Here I will be putting some practical questions & their answers which may help you & also please suggest the better questions or answers which can be put here...
I will also be putting the questions from various YouTube or other videos, for which I will also give the links here for you to get more details.
Now lets start.....
Example 1 : Suppose you are given a list of numbers - 2,3,1,4,2,5,8,6,34,21,45
And you are required to get the below output, then how you will do that?
Array[Array[Int]] = Array(Array(2, 3, 1), Array(4, 2, 5, 8), Array(6, 34, 21, 45))
Solution : Here, we can see array of arrays, so can we consider that we are partitioning the given list into 3 partitions?
If yes, then we resolved 1st part, that we can break the given input into 3 partitions. And we can simply break into 3 partitions because
we don't need to make changes in the order or input, just breaking into 3 partitions will do the job here.
Step 1 : To create a RDD with 3 partitions & the above data
scala> val a = sc.parallelize(List(2,3,1,4,2,5,8,6,34,21,45), 3)
If you the content of RDD by : a.collect, it will be
Array[Int] = Array(2, 3, 1, 4, 2, 5, 8, 6, 34, 21, 45)
Step 2 : So till here we are getting a simple array of above values. But in the output we don't see any information of number of partitions in
the RDD, & this information we can get in following 2 ways -
a) scala> a.partitions.size
b) scala> a.getNumPartitions
And in both the cases we will get the below result -
Int = 3
Now comes the final part to create the given array of arrays. Here, we can use glom, which will get the data of each partition in an array.
So, we now that the above RDD is created with 3 partitions & we just need to represent the data of each partition as Array, which we
can do like shown below with its result next in 'RED' -
scala> a.glom.collect
res24: Array[Array[Int]] = Array(Array(2, 3, 1), Array(4, 2, 5, 8), Array(6, 34, 21, 45))
You can further read more about glom from below blog -
http://blog.madhukaraphatak.com/glom-in-spark/
Same way as given above blog, we can find the max or min or can take any other operation where we can utilize the partitions behaviour.
We can find the max like show with the result -
scala> a.glom.map((v:Array[Int])=>v.max).reduce(_ max _)
res33: Int = 45
This is one way we can work on partitions, other way is to use mapPartitions available to RDDs as shown below -
First define below method which will provide the maximum element from each partition -
scala> def maxNum(nums: Iterator[Int]) : Iterator[Int] = {
return List(nums.toList.max).iterator
}
Then we can call this function from mapPartitions as shown below to get the result -
scala> a.mapPartitions(num => maxNum(num)).max
res44: Int = 45
Both these ways you can use when there is huge data & partitioning can improve the performance. Both ways should give same performance.
Feeling interesting?
Let me take one more flavour to get the maximum number from each partition also & also check if the defined function is being called for each partition
rather being called for each element as it happens when you use map, i.e. it does shuffling for each element which can be bad when you are having
lot of numbers, & in such cases we can use partitions to enhance the performance. So below sample will confirm that & results are shown in 'RED'-
scala> def maxNum(index: Int, nums: Iterator[Int]) : Iterator[Int] = {
val a = nums.toList.max
println("Called in Partition -> " + index + " : having max number as :" + a)
return List(a).iterator
}
maxNum: (index: Int, nums: Iterator[Int])Iterator[Int]
scala> a.mapPartitionsWithIndex((index,num) => maxNum(index,num)).max
Called in Partition -> 0 : having max number as :3
Called in Partition -> 1 : having max number as :8
Called in Partition -> 2 : having max number as :45
res53: Int = 45
Hope, it helps.
If you get other way to get the solution, please do let me know, as I was not able restructure the solution.
===============================================================================================
Example 2 : How to get the below output -
Array((even,CompactBuffer(2, 4, 6, 8, 10, 12, 14, 16, 18)), (odd,CompactBuffer(1, 3, 5, 7, 9, 11, 13, 15, 17)))
Solution : val nums = sc.parallelize( 1 to 18,3)

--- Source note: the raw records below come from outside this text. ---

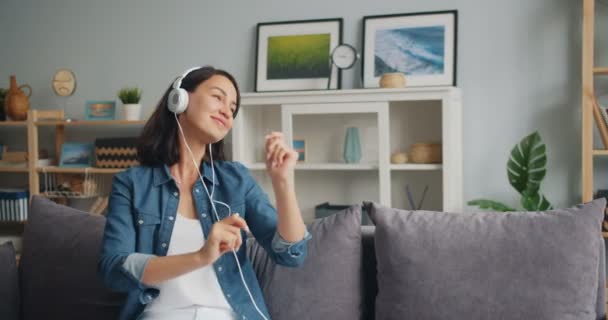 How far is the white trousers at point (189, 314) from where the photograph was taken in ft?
4.71

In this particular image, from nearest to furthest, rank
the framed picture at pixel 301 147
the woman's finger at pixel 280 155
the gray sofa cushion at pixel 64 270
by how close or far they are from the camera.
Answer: the woman's finger at pixel 280 155 → the gray sofa cushion at pixel 64 270 → the framed picture at pixel 301 147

nums.groupBy(x => {if(x%2 == 0) "even" else "odd"}).collect
===============================================================================================
Following are the way you can upload the data files to HDFS -
a) Use HUE, it will easier as it gives UI & no need to write the commands to transfer the files.

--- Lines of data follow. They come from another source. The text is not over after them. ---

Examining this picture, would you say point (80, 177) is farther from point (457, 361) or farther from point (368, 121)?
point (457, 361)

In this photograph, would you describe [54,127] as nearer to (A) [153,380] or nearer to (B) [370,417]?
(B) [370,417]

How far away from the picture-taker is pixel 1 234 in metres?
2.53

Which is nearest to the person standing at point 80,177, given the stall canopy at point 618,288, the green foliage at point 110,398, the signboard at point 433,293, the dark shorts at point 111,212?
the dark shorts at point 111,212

b) Using command line i.e. terminal window & can use any of the given commands
1) to copy file from local to HDFS
hadoop fs -copyFromLocal <source> <destination>
or
hadoop fs -put <source> <destination>
2) to copy fom hdfs to local
hadoop fs -copyToLocal <source> <destination>
or
hadoop fs - get <source> <destination>
While getting the files, source will be your hdfs path & file name & destination will your local path.
Instead of hadoop fs, you can can also use hdfs -dfs. Try this also.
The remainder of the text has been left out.